Search code examples
pythonhuggingface-transformers

Truncate output of Hugging Face pipeline for Facebook/Opt LLM to one word


I'm working with Hugging Face's pipeline module to perform text generation with the facebook/opt model. Ideally, I would like the model to only output one word: the expected next word, given the input string.

Currently, my code looks something like this:

from transformers import pipeline
generator = pipeline('text-generation', model="facebook/opt-1.3b")

generate_input = "This is a"
generate_length = (len(generate_input.split()) * 2) + 5
generate_output = generator(generate_input, max_length=generate_length)

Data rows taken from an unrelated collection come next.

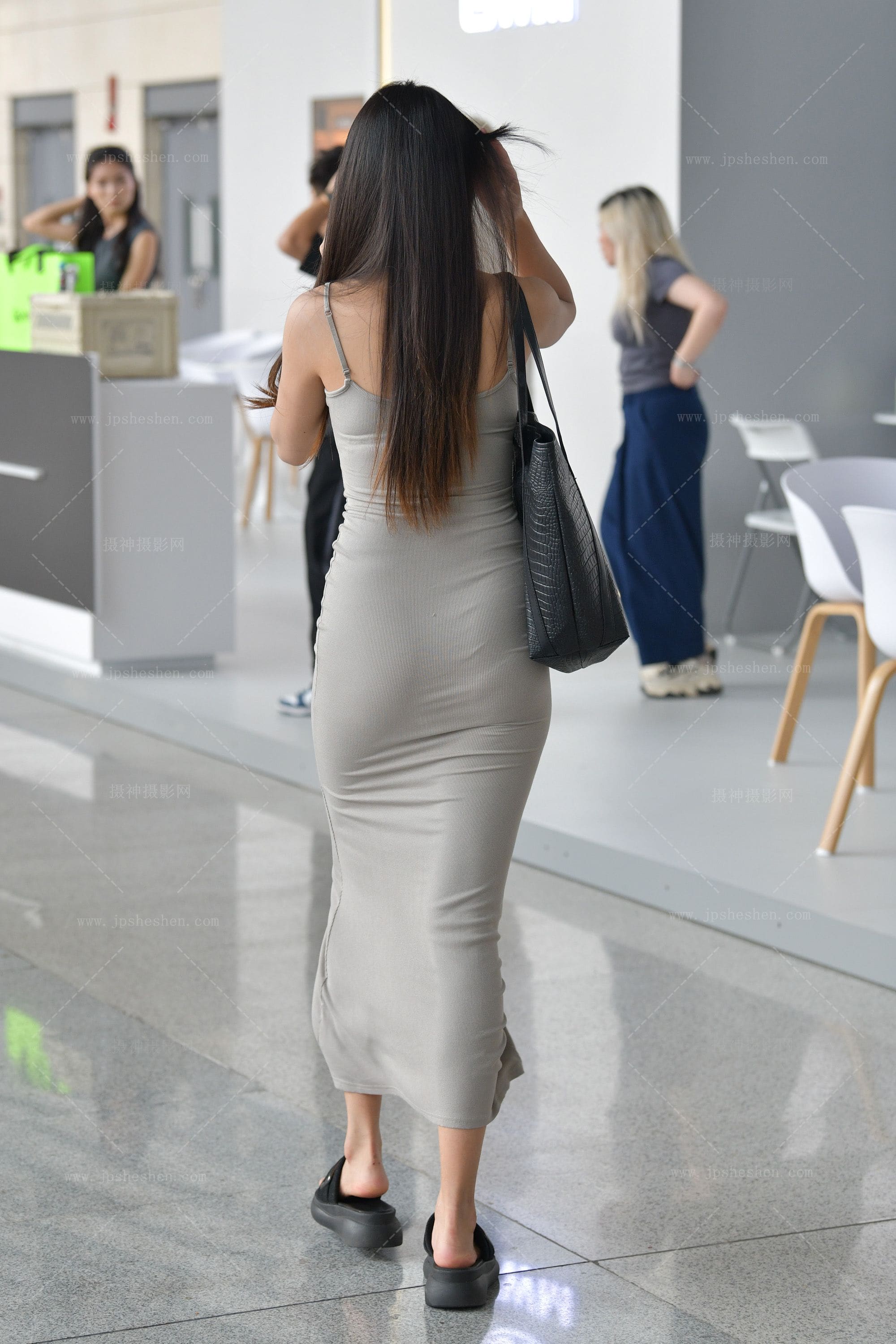 17598-u3y0qossudf.jpg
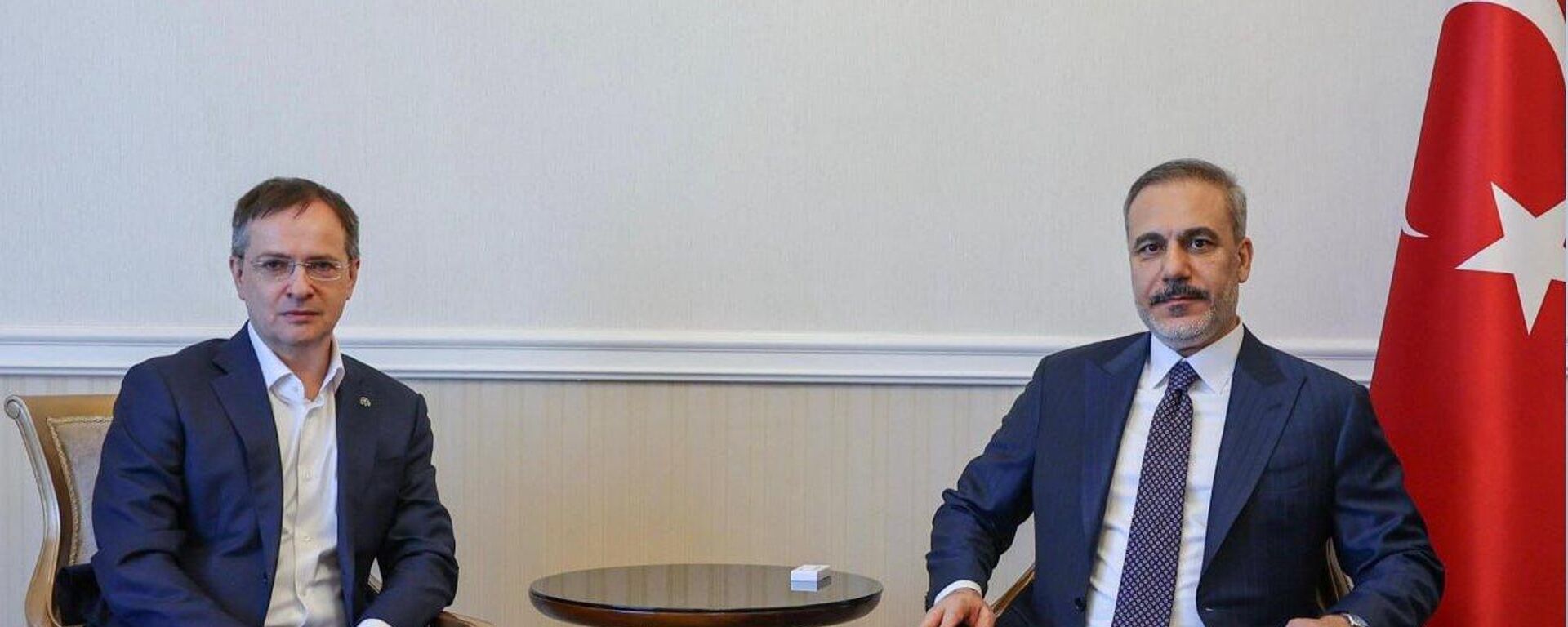 وزير الخارجية التركي هاكان فيدان، ناقش مع فلاديمير ميدينسكي، مساعد الرئيس الروسي، وزير الخارجية التركي هاكان فيدان، ناقش مع فلاديمير ميدينسكي، مساعد الرئيس الروسي، - سبوتنيك عربي, 1920, 26.05.2025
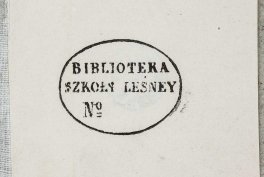 Owalna pieczątka z czarną obwódką na jasnym tle, wewnątrz drukowany napis BIBLIOTEKA SZKOŁY LEŚNEY oraz oznaczenie No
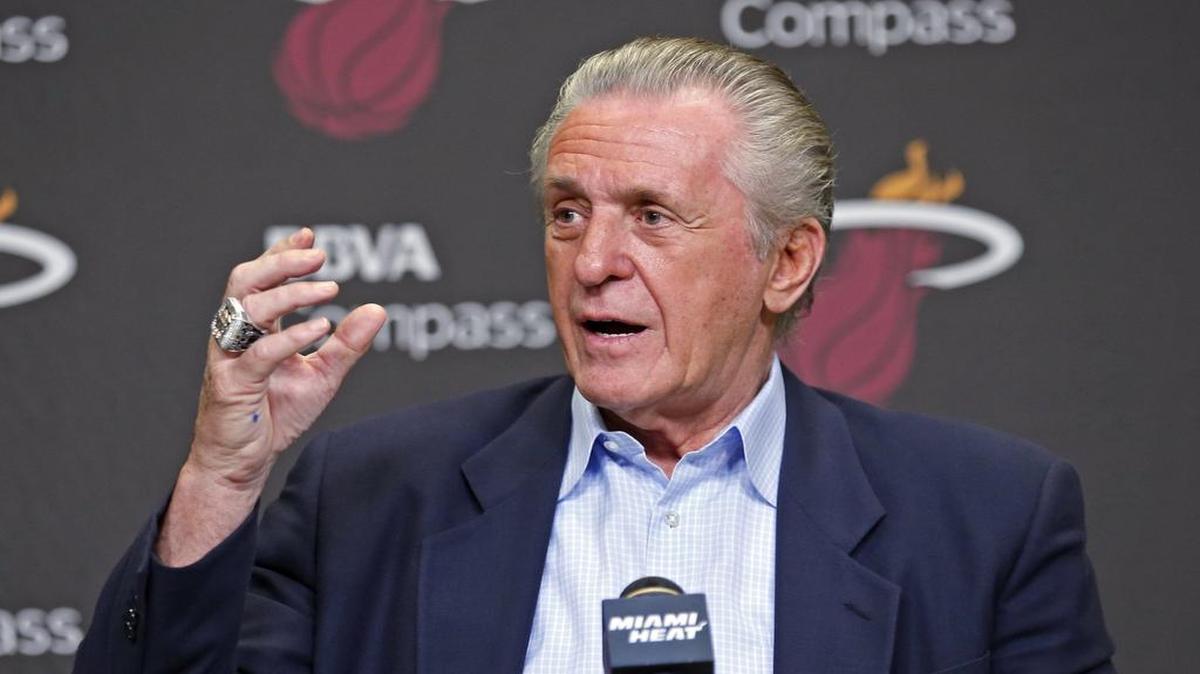 
El presidente del Heat Pat Riley habla a los medios el 19 de junio del 2014.
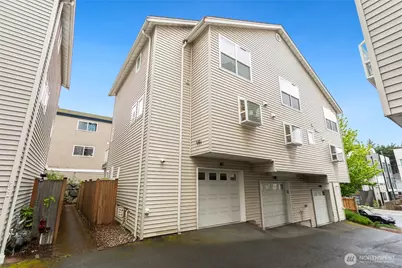 14352 Stone Avenue N, Seattle, WA 98133 - Photo 1
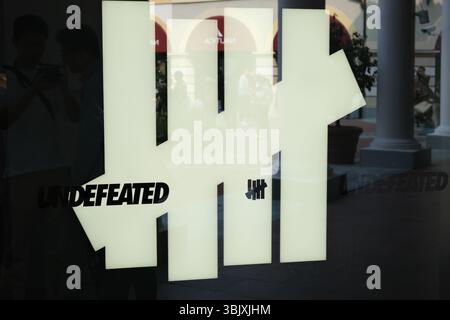 Shanghai, Cina - 5 aprile 2025: Logo aziendale del marchio imbattuto Foto Stock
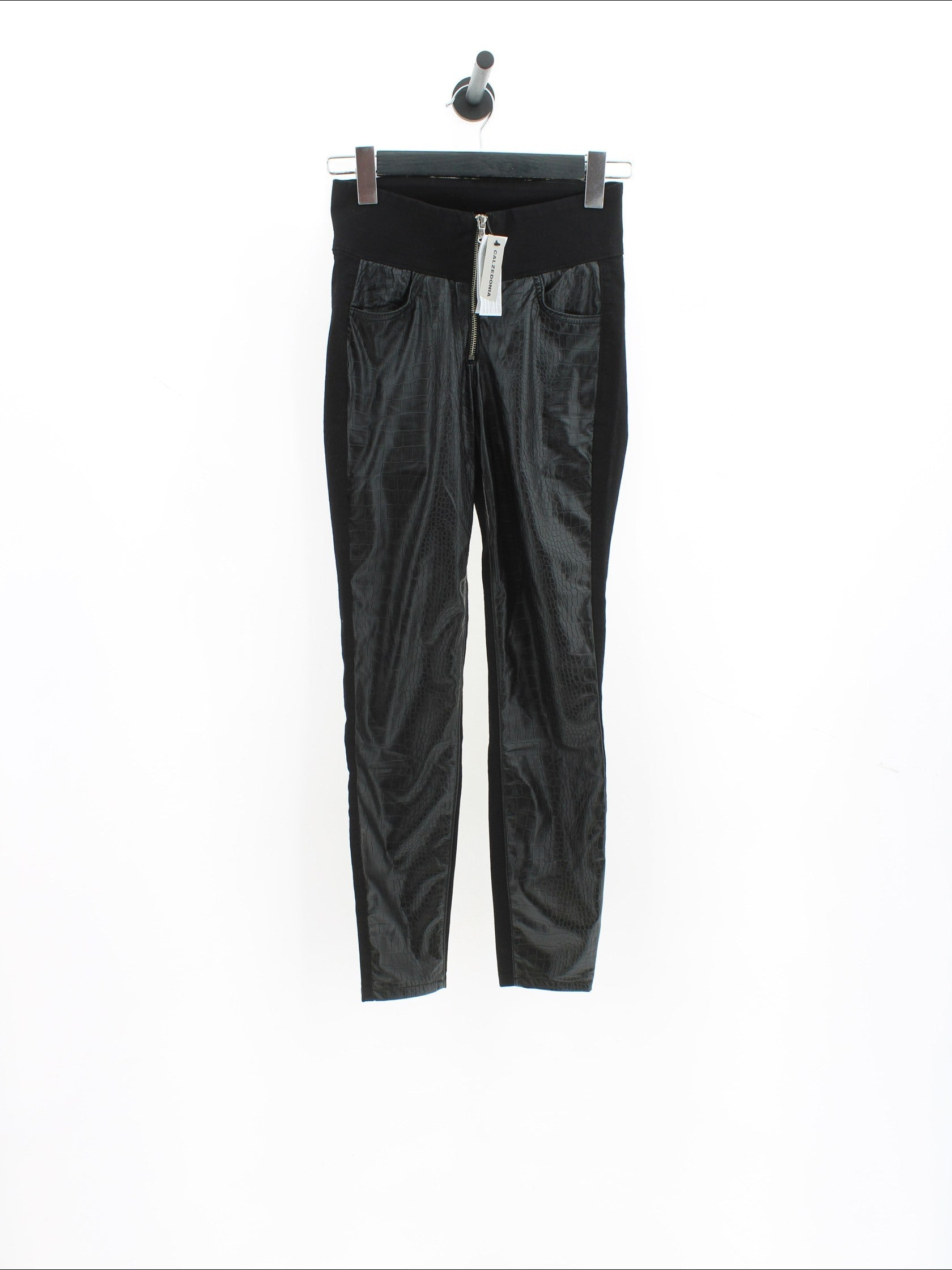 01d932627294a64de376cea23370238c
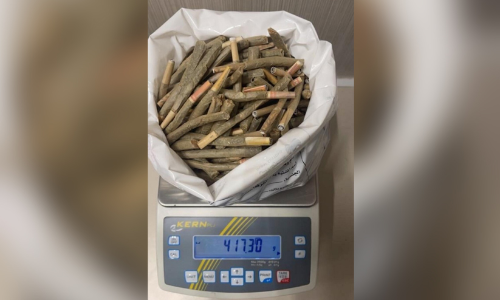 കൈതച്ചക്കക്കുള്ളിൽ ലഹരിമരുന്ന്​ കടത്താൻ ശ്രമം; ദുബൈ വിമാനത്താവളത്തിൽ യാത്രക്കാരൻ അറസ്റ്റിൽ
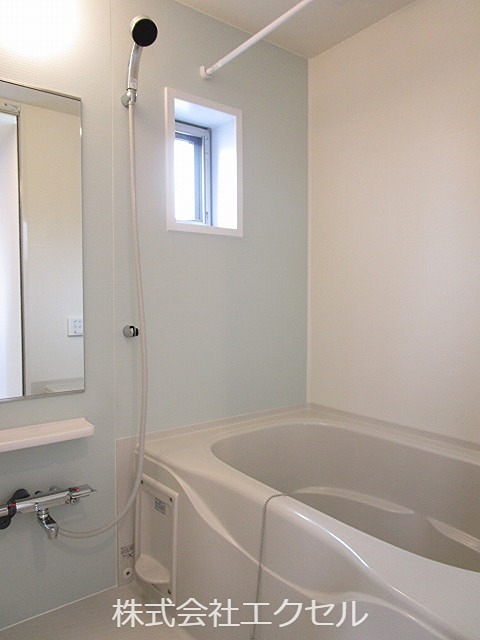 バス・シャワールーム　追い焚き・浴室乾燥付きです。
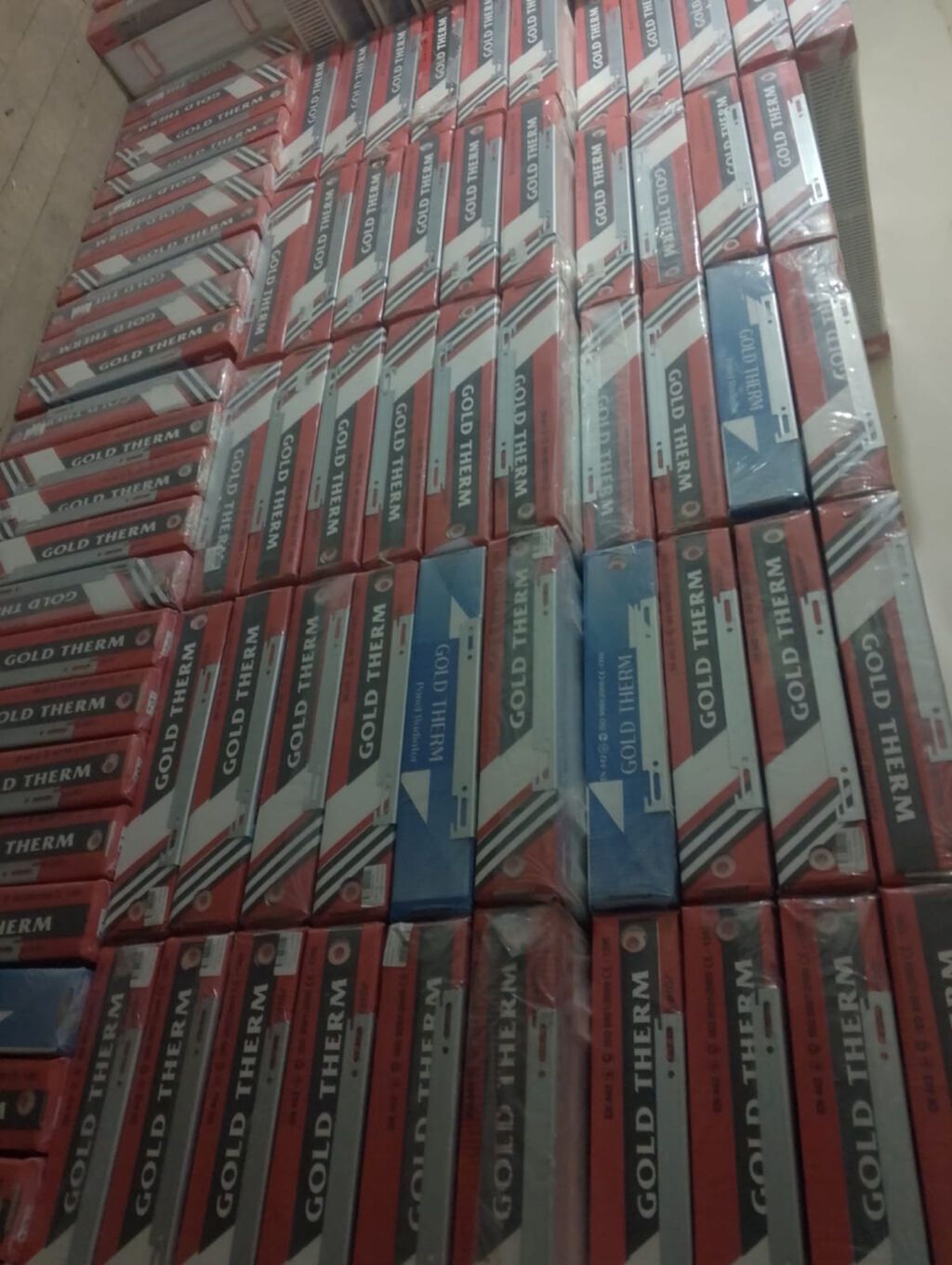İwlenmiw ikinci el radiatirlari var ela vezyyetde tam iwlek qiymet — Radiatorlar, Bakı (2)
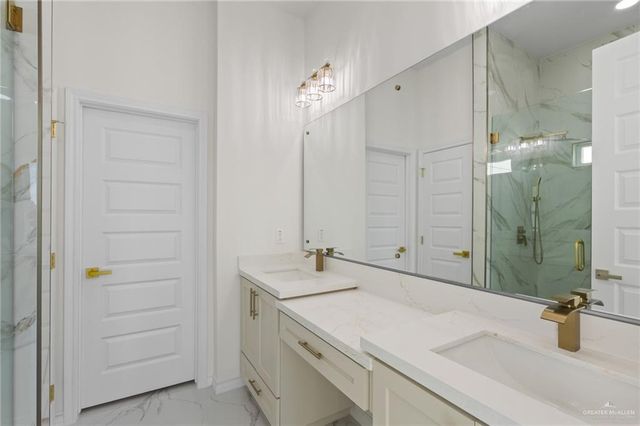 3013 N Rosalinda Street, Edinburg, TX 78542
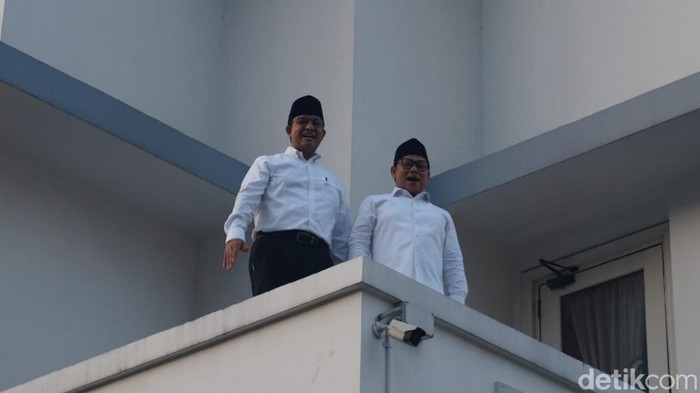 Anies Baswedan bersama Muhaimin Iskandar yang baru saja dideklarasikan sebagai pasangan bakal capres-cawapres.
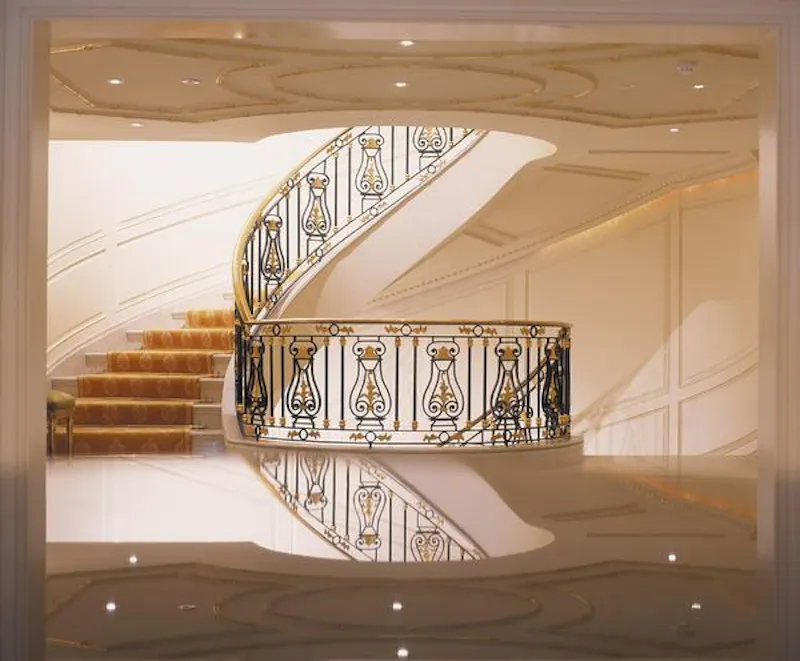 Staircase at Luxury Kensington boutique hotel, R686 (photo 8)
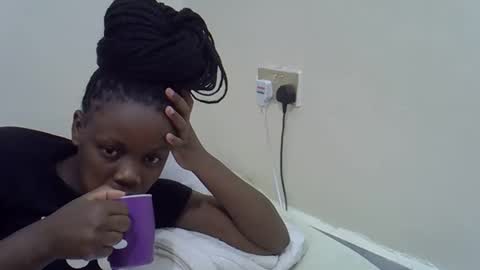 petite_melan online show from 16, 12, 2025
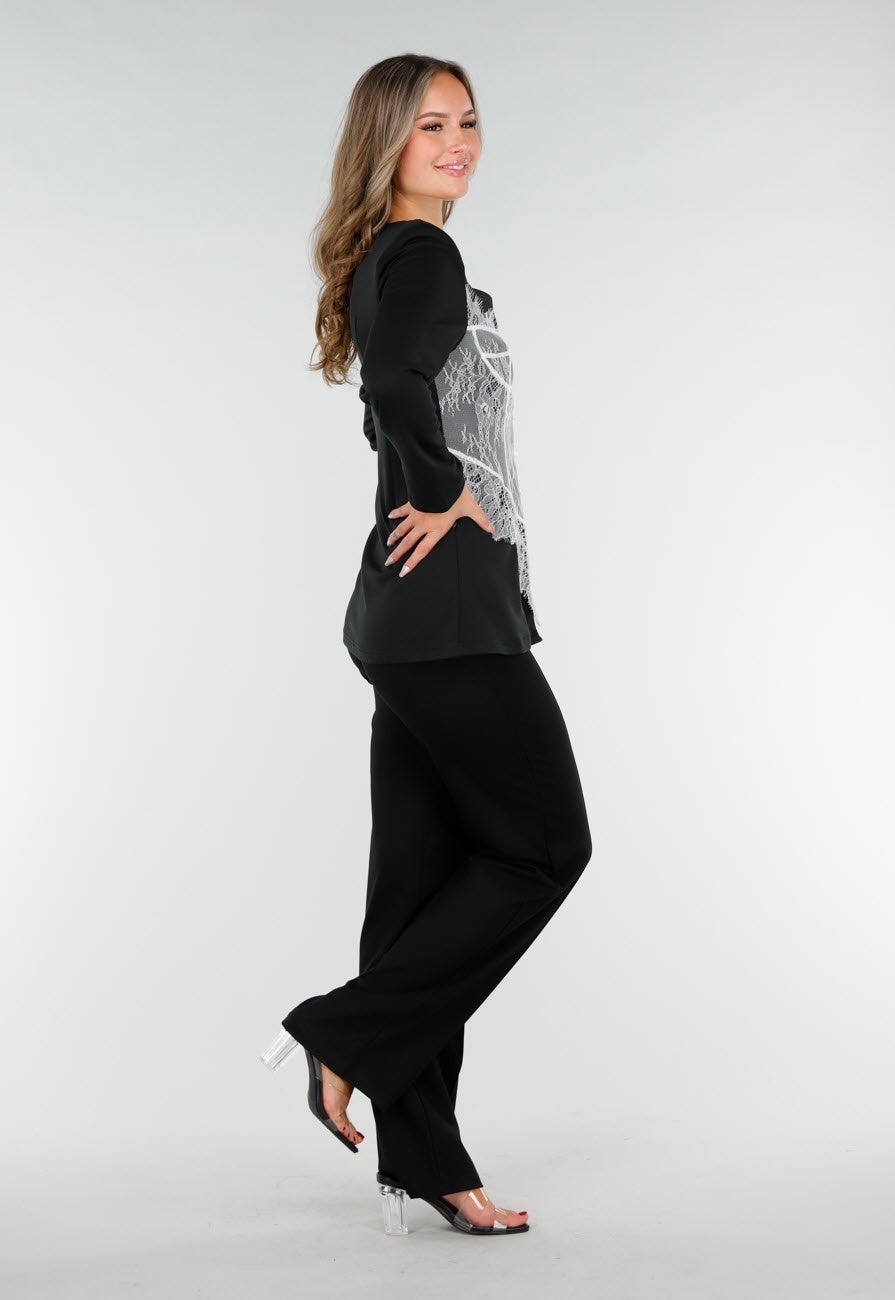 Zwarte Blazer met Lange Mouwen en Wit Kant Detail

Note: I specify max_length, because if I do not, I get a warning when I pass in large input strings.

Obviously, I can remove any excess output after the fact, but my goal would be to provide arguments such that the pipeline model only outputs the single next word. This is because theoretically reducing the amount of output reduces the number of predictions, in turn reducing the computation time. So how can I tell the pipeline to only output the single next word?


Solution

  • All you need is the max_new_tokens parameter:

    from transformers import pipeline
    generator = pipeline('text-generation', model="facebook/opt-1.3b")
    
    generate_input = "This is a"
    generate_output = generator(generate_input, max_new_tokens=1)
    print(generate_output)
    

    Output:

    [{'generated_text': 'This is a great'}]
    

    Please note that token!=word. That means depending on your model you might want to use different values and perform a post-processing.